翻訳者を目指すなら学んでおきたいトランスクリエーションの役割 | 【Amelia】在宅でできる英語などの翻訳の求人・仕事探しはアメリア

翻訳者を目指すなら学んでおきたいトランスクリエーションの役割

近年急激に進む様々な企業のグローバル化、特にIT関連や海外向けマーケティングにおいては、トランスクリエーションという翻訳手法がグローバル化に際しよく使われるようになってきました。

今回のコラムでは、トランスクリエーションの概要や一般的な翻訳との違いについて説明していきましょう。トランスクリエーションとローカライゼーションはときに似た意味を持つ言葉と言われることもありますが、そのニュアンスの違いも理解しておきましょう。

トランスクリエーションとは

「transcreation」は翻訳を意味する「translation」と創造を意味する「creation」を組み合わせた造語です。主にIT関連やマーケティング翻訳などで多用される用語で、文章に込められたメッセージの意図やニュアンス、文脈などをしっかり維持しながら別の言語に翻訳するプロセスを指します。

またトランスクリエーションでは、単なる翻訳の範疇にとどまらないコピーライティング的なクリエイティビティも翻訳者に求められます。一般的な翻訳では、「正確性」が最も重要なポイントですが、トランスクリエーションでは、原文の意図をしっかりと把握した上でのクリエイティブな意訳も求められます。翻訳における自由度は高くなりますので、翻訳者にはキャッチコピー的な表現力も必要です。

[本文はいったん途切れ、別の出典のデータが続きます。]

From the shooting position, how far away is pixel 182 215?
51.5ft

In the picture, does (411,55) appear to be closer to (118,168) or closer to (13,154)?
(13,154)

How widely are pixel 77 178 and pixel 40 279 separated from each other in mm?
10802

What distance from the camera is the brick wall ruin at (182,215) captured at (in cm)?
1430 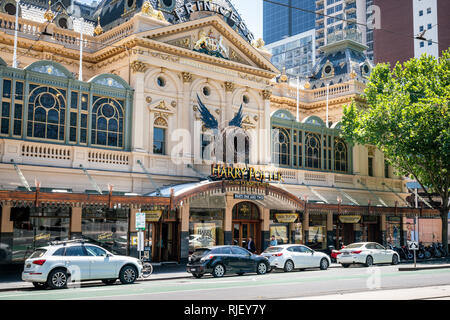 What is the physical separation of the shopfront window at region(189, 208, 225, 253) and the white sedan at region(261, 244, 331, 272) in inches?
194

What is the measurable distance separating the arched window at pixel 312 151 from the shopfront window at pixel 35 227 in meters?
18.4

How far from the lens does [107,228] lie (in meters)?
28.7

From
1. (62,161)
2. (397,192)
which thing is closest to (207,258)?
(62,161)

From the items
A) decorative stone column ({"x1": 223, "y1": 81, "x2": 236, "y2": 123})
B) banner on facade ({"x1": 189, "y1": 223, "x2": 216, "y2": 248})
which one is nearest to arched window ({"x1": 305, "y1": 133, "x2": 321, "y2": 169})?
decorative stone column ({"x1": 223, "y1": 81, "x2": 236, "y2": 123})

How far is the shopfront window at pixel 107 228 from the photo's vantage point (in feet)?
92.3

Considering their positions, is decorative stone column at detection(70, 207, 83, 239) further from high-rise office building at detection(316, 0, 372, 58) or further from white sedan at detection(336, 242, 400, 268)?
high-rise office building at detection(316, 0, 372, 58)

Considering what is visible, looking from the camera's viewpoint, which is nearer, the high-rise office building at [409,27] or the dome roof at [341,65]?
the dome roof at [341,65]

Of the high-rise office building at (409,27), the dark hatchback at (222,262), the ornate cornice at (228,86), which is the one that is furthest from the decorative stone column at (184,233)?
the high-rise office building at (409,27)

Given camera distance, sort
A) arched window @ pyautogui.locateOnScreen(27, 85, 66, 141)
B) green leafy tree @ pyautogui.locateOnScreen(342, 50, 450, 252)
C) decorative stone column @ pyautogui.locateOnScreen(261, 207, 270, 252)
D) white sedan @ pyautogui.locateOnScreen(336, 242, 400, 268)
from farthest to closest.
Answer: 1. green leafy tree @ pyautogui.locateOnScreen(342, 50, 450, 252)
2. decorative stone column @ pyautogui.locateOnScreen(261, 207, 270, 252)
3. white sedan @ pyautogui.locateOnScreen(336, 242, 400, 268)
4. arched window @ pyautogui.locateOnScreen(27, 85, 66, 141)

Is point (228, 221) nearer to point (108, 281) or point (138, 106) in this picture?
point (138, 106)

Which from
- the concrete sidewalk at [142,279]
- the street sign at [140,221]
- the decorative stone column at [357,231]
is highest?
the street sign at [140,221]

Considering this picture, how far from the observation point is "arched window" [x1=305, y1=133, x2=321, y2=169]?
1551 inches

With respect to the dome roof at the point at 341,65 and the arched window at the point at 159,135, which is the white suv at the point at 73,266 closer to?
the arched window at the point at 159,135

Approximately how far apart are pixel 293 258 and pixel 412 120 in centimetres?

トランスクリエーションの概念そのものは昔から存在していましたが、グローバルなネット環境が進化した現代では、IT翻訳やマーケティング翻訳の分野でトランスクリエーションの重要性が一層重要視されるようになりました。

ローカライゼーションとの違い

翻訳者を目指して学んでいる方であれば、ローカライゼーションの重要性は理解されているでしょう。ターゲットとなる地域のユーザーの文化や習慣などに合わせた翻訳を指すローカライゼーションと、トランスクリエーションとは以下のような相違があります。

・ローカライゼーション

原文をできる限り自然に分かりやすく翻訳する

・トランスクリエーション

翻訳者の創造性を活かした翻訳を行うことによって、ユーザーにインパクトを与え訴求効果を高める

ほかにも、似たような意味を持つ言葉に「クリエイティブライティング」という言葉があります。クリエイティブな翻訳を行うということではトランスクリエーションと同じなので混同されがちですが以下の点が異なります

  • ・クリエイティブライティングは原文がない状態で別言語のコンテンツを作成する
  • ・トランスクリエーションは原文をもとに作成する

一般的な翻訳とトランスクリエーションの違い

翻訳の仕事で行うことは、ある言語で書かれた内容を別の言語に置き換えることです。できる限り原文の意味が伝わるようにすることが翻訳の目的です。それに対してトランスクリエーションは、広告やブランディングで使用されることが多いこともあり、メッセージの背後にある意図なども汲み取って伝えることに重きを置きます。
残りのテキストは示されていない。